Professor Dale’s most famous concept was called “Cone of Experience”, it is a graphic depiction of the relationship between how information is presented in instruction and the outcomes for learners. The Cone of Experience is a visual model, a pictorial device that presents bands of experience arranged according to degree of abstraction and not degree of difficulty. The farther you go from the bottom of the cone, the more abstract the experience becomes.
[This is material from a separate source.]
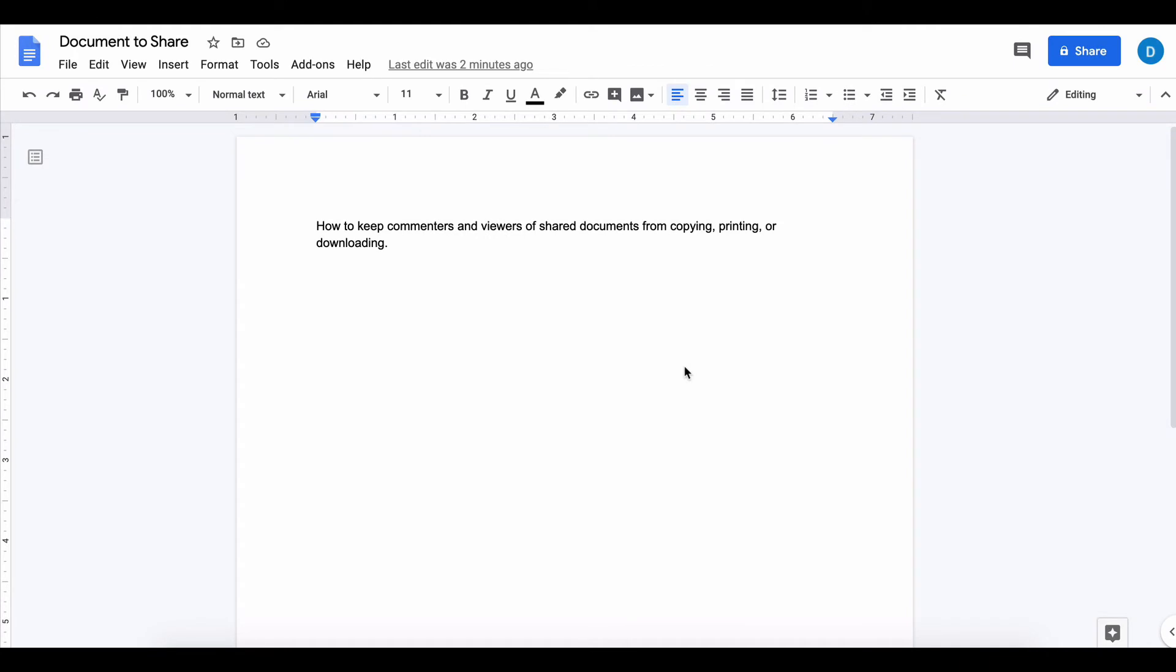On the screen here I have a file that I want to share. I'm going to share it with myself, but I don't want the other person to be able to copy, print, or download that file.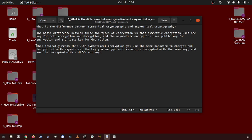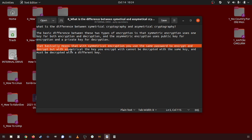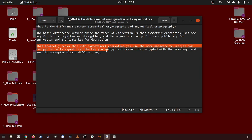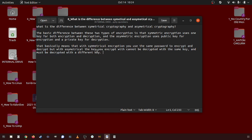So what does that really mean? That basically means that symmetrical key encryption uses the same password to encrypt and decrypt, but with asymmetrical key, the key you encrypt with cannot be decrypted with the same key and must be encrypted with a different key, a.k.a. your public-private key.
What are these bands of experience in Dale’s Cone of Experience? Let us expound each of them starting with the most direct. First we have direct purposeful experiences; these are first hand experiences which serve as the foundation of our learning.  We build up our storage of meaningful information and ideas through seeing, hearing, touching, tasting and smelling. Second is contrived experiences; in here, we make use of a model or mock-ups of reality for practical reasons and so that we can make the real-life accessible to the students’ perceptions and understanding. Then we have dramatized experiences; these are reconstructed experiences of an event or happenings and even personal experiences by acting it personally.  Another is demonstrations; these are visualized explanation of an important fact, idea or processes by the use of photographs, drawings, films, displays, or guided motions. We also have study trips; these are excursions, educational trips, and visits conducted to observe an event that is unavailable within the classroom. Then we have exhibits; these are displays to be seen by spectators and they consist of models arranged meaningfully or photographs with models, charts and posters. Next is television and motion pictures; these can reconstruct the reality of the past so effectively that we are made to feel we are there. Still pictures, recordings, and radio; these are visual and auditory devices which may be used by an individual or a group. Still pictures lack the sound and motion of a sound film. The radio broadcast an actual event may often be likened to a televised broadcast minus its visual dimension. We have visual symbols; these are no longer realistic reproduction of physical things for these are highly abstract representations like charts, graphs, maps, and diagrams. Lastly we have verbal symbol; they are not like the objects or ideas for which they stand. They usually do not contain visual clues to their meaning.

The Three-tiered Model of Learning are the implications of the cone of experience in the teaching-learning process. It is also a model that illustrates that every area of knowledge can be presented and learned in three distinct steps.




Jerome Bruner identified three stages of cognitive representation.
  1. Enactive, which is the representation of knowledge through actions.
  2. Iconic, which is the visual summarization of images.
  3. Symbolic representation, which is the use of words and other symbols to describe experiences.





The enactive stage appears first. This stage involves the encoding and storage of information. There is a direct manipulation of objects without any internal representation of the objects.

The iconic stage appears from one to six years old. This stage involves an internal representation of external objects visually in the form of a mental image or icon.

The symbolic stage, from seven years and up, is when information is stored in the form of a code or symbol such as language. Each symbol has a fixed relation to something it represents.